Chymynez stellte auch klar, dass der ukrainische Präsident Wolodymyr Selenskij keinen Atomschlag gegen Russland verlangt habe, so wie manche Beobachter Worte Selenskijs verstanden hatten. "Das hat er nicht gemeint", erklärte der Diplomat. Der Präsident habe gefordert, dass die NATO die Möglichkeit eines Atomwaffeneinsatzes durch Russland ausschließen und Russland die Konsequenzen vor einer möglichen Entscheidung zur Verwendung von Atomwaffen klargemacht werden müsse.
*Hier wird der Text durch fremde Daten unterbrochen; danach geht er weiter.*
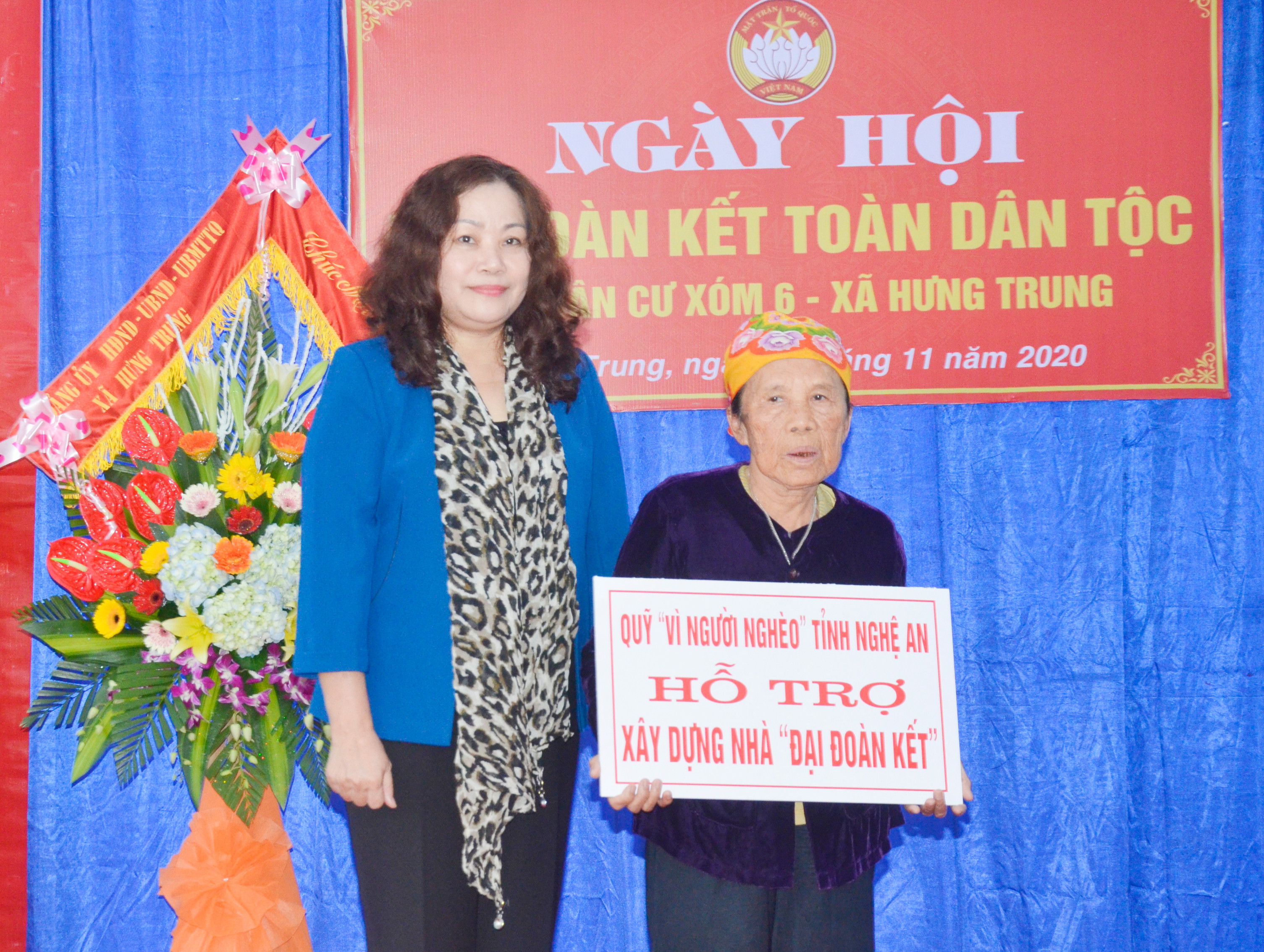 Trao nhà đại đoàn kết cho hộ bà Nguyễn Thị Huệ ở xóm 9A xã Hưng Trung. Ảnh: Thanh Lê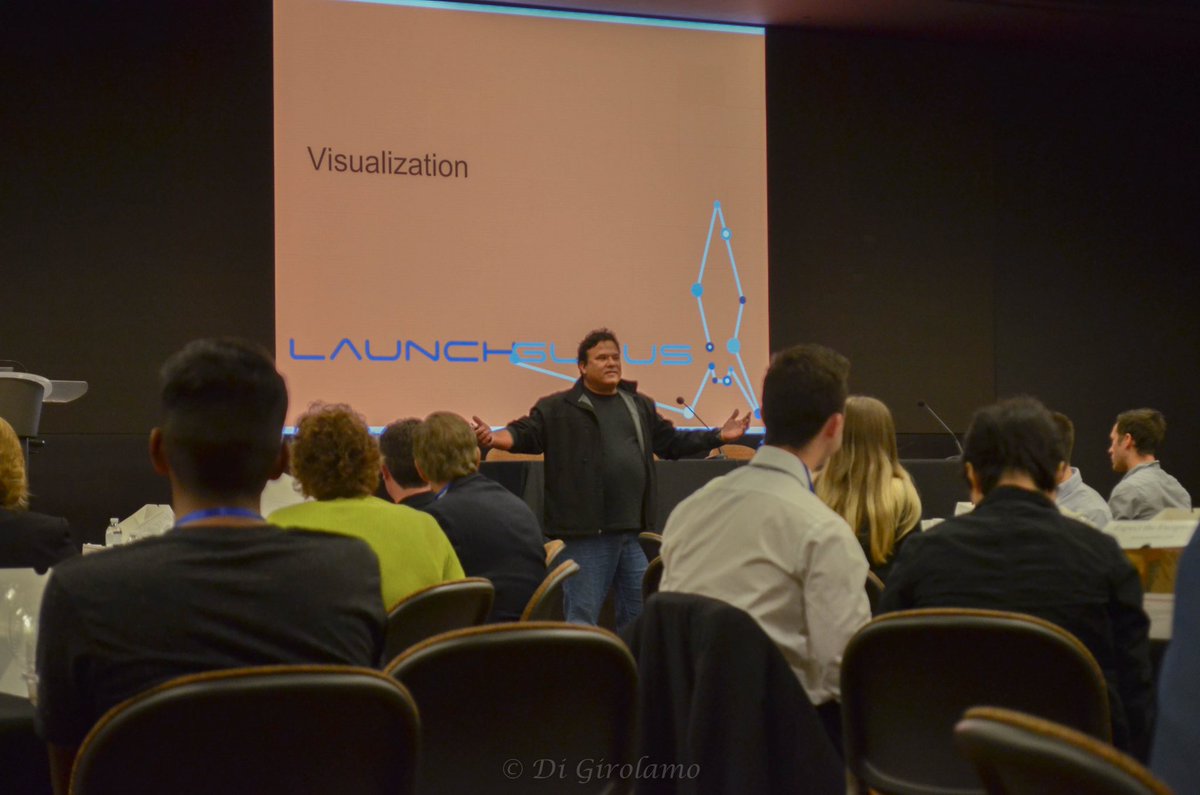 CollegeBChain's tweet image. Gary Fowler during his discourse on Visualization. Only at #CollegeBchain #CBC #FSU #IBM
Die Ukraine habe 1994 das drittgrößte Atomwaffenarsenal der Welt abgegeben. Sollte die Atommacht Russland ein Land ohne Atomwaffen bedrohen, dann sei dies eine Drohung, die über die Ukraine hinausgehe. "Viele andere Länder werden versuchen, in den Besitz von Atomwaffen zu gelangen, weil dies als ein wirkungsvolles Instrument zur Verteidigung der eigenen Sicherheit erscheint." 83 Prozent der Ukrainer seien mittlerweile für einen Beitritt zur NATO.
"Keine Angst vor Russland"
"Es ist an der Zeit, keine Angst mehr vor Russland zu haben", betonte Chymynez und verwies auf die ukrainischen Streitkräfte, die effektiv, furchtlos und aufopfernd kämpften. Nun zeige sich, "wie groß die Misere ist", sagte der Botschafter im Hinblick auf mangelnde Disziplin, schlechte Moral und fehlende Ausrüstung der russischen Soldaten. "Wir zeigen, dass es möglich ist, Russland zu besiegen".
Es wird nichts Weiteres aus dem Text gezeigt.